C’était le 22 avril, Jour (tout symbolique) de la Terre. Les représentants de 175 pays étaient rassemblés au siège des Nations unies, à New York, pour signer l’Accord de Paris sur le climat. Une signature symbolique elle aussi, car les parlements devront ensuite ratifier l’accord pour qu’il entre en vigueur dans chaque pays signataire. Et doublement symbolique parce que cet accord n’est pas contraignant, et ne détaille pas les moyens qu’il faudra prendre pour atteindre les cibles. Les efforts colossaux qu’il faut déployer pour lutter contre le réchauffement de la planète reposent donc sur la volonté politique de chaque gouvernement, actuel et futur. Une volonté qui n’a pas encore fait ses preuves.

Si on voulait limiter l’augmentation de la température à 2 oC, comme le recommandent les scientifiques et l’exige l’accord, il faudrait que la moitié des réserves connues de pétrole ne soient pas extraites du sol. Aucun pays producteur de pétrole ne s’est engagé dans cette voie et les consommateurs de pétrole que nous sommes en demandent encore et toujours.

Le lendemain de la signature de l’Accord de Paris, TransCanada a annoncé qu’elle soumettrait la portion québécoise de son projet Énergie Est à la Loi sur la qualité de l’environnement (LQE) du Québec. En mars, le Centre québécois du droit de l’environnement (CQDE) et des groupes écologistes, puis le gouvernement du Québec, ont successivement déposé une demande d’injonction pour obliger TransCanada à se conformer aux exigences de la LQE. TransCanada n’a peut-être pas voulu subir le verdict de la cour et a décidé de se conformer à la LQE de son propre gré. Ce revirement inattendu permettra au Bureau d’audiences publiques sur l’environnement (BAPE) de procéder à un examen complet des impacts environnementaux du controversé projet.

C’est aussi une bataille juridique qui a fini par faire plier TransCanada quand l’entreprise a voulu construire un port pétrolier à Cacouna.
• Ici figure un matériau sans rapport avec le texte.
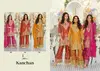 Kanchan By Eba Chinon Emboidery Readymade Suits Suppliers In India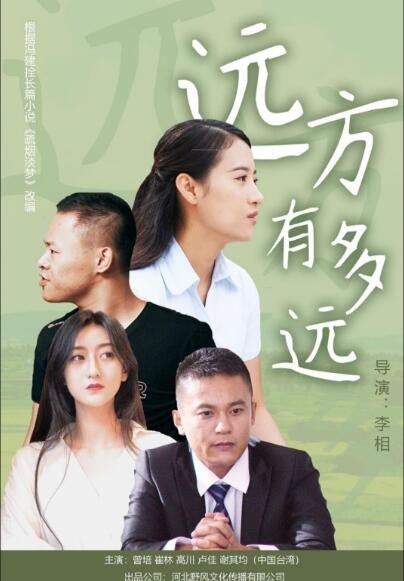 [远方有多远][HD-MP4/1G][国语中字][1080P][公映版新时代女性励志故事]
La Cour supérieure a ordonné à la compagnie de cesser temporairement ses forages, qui avaient été autorisés par le ministre de l’Environnement à l’encontre des règles de procédure. Quelques mois plus tard, la compagnie a décidé de laisser tomber Cacouna comme lieu de déchargement du pétrole.

Plus loin de nous, un jugement étonnant a été rendu en Hollande l’année dernière. Une cour de La Haye a ordonné à l’État néerlandais de réduire les émissions de gaz à effet de serre dans le pays d’au moins 25 % d’ici 2020 par rapport à 1990. La cour, pour justifier cette initiative, a jugé que le gouvernement des Pays-Bas échouait à protéger sa population contre les effets des changements climatiques. Ce premier geste historique d’une justice climatique pourrait servir de modèle à d’autres groupes environnementaux et individus. Ceux-ci pourraient faire valoir en cour que leur santé, leur propriété ou même leur vie est menacée par les effets délétères des changements climatiques.

La voie juridique pourrait devenir un outil efficace, quoique coûteux, pour forcer la main aux États et aux entreprises afin qu’ils agissent de façon musclée pour contrôler les émissions de gaz à effet de serre.